In Allied hands[edit | edit source]
On 18 June 1944 it got captured, together with a lot of other Japanese aircraft, by US Marines at Aslito Field, Saipan. In july 1944 it was, together with thirteen other Mitsubishi A6M Zero aircraft (mostly A6M5 Model 52 aircraft) and a Nakajima B5N2 Kate, transported to the USA onboard the escort carrier USS Copahee (CVE-12) by TAIU-POA, arriving in the San Diego on 28 July 1944. 5357 was allocated number TAIC 5, and flight tested at NAS Anacostia at Patuxent River, Maryland. One of the pilots to test fly it was was Charles Lindbergh.
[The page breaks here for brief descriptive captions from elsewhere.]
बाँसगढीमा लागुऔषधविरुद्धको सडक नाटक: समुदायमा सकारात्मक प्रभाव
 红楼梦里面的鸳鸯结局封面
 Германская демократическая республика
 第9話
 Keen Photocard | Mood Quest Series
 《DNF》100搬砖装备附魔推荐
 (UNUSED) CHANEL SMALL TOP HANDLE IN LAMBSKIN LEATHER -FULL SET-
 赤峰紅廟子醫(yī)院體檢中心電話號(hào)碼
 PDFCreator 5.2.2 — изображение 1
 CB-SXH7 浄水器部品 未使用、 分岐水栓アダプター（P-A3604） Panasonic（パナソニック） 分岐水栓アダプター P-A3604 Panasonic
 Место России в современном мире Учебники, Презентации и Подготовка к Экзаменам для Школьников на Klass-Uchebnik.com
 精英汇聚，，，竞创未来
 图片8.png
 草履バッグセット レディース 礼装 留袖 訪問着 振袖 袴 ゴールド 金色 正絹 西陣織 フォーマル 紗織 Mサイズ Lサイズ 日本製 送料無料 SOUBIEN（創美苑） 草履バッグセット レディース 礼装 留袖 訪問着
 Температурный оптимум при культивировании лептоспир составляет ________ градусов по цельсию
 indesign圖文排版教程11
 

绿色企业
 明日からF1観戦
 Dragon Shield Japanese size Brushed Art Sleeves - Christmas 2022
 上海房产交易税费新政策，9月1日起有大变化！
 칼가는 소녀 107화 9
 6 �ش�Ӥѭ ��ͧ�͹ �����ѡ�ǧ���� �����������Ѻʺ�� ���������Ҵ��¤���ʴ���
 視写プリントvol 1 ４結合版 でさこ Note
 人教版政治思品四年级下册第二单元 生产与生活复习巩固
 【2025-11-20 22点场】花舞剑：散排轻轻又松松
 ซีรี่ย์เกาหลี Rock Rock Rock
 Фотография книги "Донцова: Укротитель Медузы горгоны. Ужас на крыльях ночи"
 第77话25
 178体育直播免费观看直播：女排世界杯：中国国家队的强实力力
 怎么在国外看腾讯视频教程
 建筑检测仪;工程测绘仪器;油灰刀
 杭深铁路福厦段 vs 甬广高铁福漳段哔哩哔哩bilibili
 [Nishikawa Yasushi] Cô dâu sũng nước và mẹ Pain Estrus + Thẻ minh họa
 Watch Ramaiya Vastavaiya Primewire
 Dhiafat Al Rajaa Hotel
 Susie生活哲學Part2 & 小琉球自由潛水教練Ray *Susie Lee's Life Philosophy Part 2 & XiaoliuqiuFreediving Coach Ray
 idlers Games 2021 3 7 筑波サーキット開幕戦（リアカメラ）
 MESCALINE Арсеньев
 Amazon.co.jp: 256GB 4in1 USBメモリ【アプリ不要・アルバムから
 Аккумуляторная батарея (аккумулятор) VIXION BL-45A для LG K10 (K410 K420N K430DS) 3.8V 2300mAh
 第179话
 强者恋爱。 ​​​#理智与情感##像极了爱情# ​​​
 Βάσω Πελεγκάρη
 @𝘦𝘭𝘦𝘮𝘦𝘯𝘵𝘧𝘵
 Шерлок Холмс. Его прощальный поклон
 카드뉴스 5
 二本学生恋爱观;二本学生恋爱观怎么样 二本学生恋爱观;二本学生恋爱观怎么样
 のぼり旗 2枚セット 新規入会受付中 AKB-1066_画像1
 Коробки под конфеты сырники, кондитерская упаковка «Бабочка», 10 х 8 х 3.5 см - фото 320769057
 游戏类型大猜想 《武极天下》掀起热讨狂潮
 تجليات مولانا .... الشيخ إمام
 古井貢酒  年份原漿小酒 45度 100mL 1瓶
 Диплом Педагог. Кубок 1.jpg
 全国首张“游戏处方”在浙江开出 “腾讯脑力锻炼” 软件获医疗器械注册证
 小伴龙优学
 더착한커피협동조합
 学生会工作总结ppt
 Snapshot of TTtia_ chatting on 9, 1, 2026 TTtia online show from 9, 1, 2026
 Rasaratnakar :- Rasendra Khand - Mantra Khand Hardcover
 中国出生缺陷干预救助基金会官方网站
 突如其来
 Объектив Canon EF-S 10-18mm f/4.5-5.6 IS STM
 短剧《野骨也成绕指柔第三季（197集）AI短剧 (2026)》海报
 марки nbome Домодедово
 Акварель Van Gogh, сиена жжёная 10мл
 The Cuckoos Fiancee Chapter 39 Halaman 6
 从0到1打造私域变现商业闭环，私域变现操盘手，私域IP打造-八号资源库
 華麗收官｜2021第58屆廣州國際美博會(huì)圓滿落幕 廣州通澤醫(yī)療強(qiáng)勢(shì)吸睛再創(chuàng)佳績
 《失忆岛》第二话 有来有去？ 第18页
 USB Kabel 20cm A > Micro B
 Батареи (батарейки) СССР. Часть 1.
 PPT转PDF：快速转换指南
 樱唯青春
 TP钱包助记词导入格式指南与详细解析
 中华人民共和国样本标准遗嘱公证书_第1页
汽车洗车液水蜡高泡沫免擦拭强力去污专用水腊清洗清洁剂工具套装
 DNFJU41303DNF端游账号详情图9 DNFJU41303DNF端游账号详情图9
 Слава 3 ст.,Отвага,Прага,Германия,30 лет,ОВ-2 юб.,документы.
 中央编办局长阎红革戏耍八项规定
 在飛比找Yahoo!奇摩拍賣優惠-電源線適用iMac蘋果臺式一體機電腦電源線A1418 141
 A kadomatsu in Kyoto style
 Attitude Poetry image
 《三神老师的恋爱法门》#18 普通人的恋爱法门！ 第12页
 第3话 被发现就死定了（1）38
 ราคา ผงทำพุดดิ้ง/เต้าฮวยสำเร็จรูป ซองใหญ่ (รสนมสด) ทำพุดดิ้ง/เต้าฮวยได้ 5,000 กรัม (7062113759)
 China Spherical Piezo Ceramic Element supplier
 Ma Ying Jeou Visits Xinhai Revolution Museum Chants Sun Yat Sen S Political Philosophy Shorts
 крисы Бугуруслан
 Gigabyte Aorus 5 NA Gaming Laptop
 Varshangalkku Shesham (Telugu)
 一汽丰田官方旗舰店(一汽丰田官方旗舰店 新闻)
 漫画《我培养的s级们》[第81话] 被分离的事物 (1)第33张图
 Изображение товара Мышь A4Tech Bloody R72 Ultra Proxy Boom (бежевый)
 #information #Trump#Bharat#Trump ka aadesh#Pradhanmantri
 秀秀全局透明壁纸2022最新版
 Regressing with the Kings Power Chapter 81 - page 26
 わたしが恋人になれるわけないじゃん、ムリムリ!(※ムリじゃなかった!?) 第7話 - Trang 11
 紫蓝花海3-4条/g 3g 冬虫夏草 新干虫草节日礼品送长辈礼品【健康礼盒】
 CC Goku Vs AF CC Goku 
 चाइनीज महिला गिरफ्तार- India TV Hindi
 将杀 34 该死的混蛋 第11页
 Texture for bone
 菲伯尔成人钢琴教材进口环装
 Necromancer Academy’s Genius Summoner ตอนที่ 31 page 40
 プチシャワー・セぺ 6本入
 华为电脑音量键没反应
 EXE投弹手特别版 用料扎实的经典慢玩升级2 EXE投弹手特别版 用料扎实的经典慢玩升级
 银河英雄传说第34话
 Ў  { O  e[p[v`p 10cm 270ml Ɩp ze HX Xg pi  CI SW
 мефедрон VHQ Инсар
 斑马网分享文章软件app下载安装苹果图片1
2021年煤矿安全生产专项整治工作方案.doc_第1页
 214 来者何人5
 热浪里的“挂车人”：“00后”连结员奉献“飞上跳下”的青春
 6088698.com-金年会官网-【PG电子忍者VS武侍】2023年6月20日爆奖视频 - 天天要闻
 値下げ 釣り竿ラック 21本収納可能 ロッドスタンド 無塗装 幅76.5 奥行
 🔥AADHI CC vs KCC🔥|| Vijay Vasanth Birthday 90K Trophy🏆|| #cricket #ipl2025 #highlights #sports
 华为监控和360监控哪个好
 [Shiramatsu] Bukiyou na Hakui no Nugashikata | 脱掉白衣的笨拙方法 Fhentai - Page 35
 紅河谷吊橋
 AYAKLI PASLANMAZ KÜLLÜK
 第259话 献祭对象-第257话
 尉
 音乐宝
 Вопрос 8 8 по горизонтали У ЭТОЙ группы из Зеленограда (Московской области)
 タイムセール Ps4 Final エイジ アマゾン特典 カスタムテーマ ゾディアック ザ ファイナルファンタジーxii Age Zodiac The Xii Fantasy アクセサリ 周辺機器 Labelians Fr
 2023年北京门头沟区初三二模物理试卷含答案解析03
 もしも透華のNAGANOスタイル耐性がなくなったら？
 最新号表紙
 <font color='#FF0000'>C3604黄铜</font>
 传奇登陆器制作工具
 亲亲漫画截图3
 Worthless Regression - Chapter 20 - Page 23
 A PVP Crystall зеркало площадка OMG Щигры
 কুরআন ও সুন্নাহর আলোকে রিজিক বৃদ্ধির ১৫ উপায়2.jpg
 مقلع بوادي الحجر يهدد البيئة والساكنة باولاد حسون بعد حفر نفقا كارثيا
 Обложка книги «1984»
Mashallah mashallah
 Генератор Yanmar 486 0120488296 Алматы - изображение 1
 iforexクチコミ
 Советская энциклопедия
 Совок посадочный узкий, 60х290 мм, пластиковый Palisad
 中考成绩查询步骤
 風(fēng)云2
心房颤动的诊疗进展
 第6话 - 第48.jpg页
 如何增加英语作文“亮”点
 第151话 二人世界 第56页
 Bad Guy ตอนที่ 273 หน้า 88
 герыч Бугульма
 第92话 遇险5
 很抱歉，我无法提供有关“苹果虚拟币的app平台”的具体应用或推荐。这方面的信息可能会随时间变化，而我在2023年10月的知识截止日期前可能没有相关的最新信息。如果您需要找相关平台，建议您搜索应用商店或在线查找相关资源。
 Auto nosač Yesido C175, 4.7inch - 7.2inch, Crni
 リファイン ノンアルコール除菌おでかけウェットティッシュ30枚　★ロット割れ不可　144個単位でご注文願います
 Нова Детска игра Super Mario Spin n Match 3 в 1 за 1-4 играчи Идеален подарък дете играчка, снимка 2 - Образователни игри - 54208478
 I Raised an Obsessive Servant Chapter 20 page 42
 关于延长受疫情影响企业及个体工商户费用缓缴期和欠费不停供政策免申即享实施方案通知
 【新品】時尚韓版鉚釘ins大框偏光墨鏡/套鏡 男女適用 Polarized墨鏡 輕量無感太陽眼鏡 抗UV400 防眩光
The aircraft was ferried back to San Diego on 11 January 1945, where frontline combat pilots were also given a chance to check out the Zero. Altogether, Zero No 61-120 logged over 190 hours of flight time in the USA before being declared surplus after the war.
Museum days[edit | edit source]
When testing was done and over with, 5357 was saved for futurity by being sold to Edward T. Maloney who at first had no room to exhibit the aircraft, so it was put into storage. On 12 January 1957 Maloney opened his "The Air Museum" in Claremont, California where he put -amongst others- 5357 to display, carrying painting scheme V-101 and later its own original 61-120. In 1965 the Air Museum moved to Ontario Airport, Ontario, California. In 1970 redevelopment of the airport at Ontario forced The Air Museum to move again. The non-flyable aircraft became part of the "Movie World: Cars of the Stars and Planes of Fame Museum" in Buena Park, California, near Knott's Berry Farm, while the flyable aircraft moved to Chino Airport, about 30 miles (48 km) away.
Airworthy again[edit | edit source]
In 1978 5357 was made airworthy again, using an original Nakajima Sakae engine -This aircraft is the only authentic, flying example of the Mitsubishi A6M5 Zero Model 52, with its original Sakae engine-, getting the license N46770 on 3 May 1978. After that the aircraft made a six month journey, from July 1978 till early 1979, to Japan, making it the first A6M Zero to fly over Japanese soil since WW2. Back in the USA it got damaged during a landing at Chino on 25 June 1982, but got repaired. Another tour in and over Japan followed in 1995 and it also appeared in the movie "Pearl Harbour". The aircraft left Chino 30 October 2012 in containers for yet another visit to Japan for displays, returned crated at Chino in November 2013. After returning from the Tokorozawa Aviation Museum in Tokorozawa, Saitama, the aircraft was returned to the Planes of Fame Air Museum for another restoration. The aircraft now flies in it's original paint scheme when it was captured at Aslito Airfield.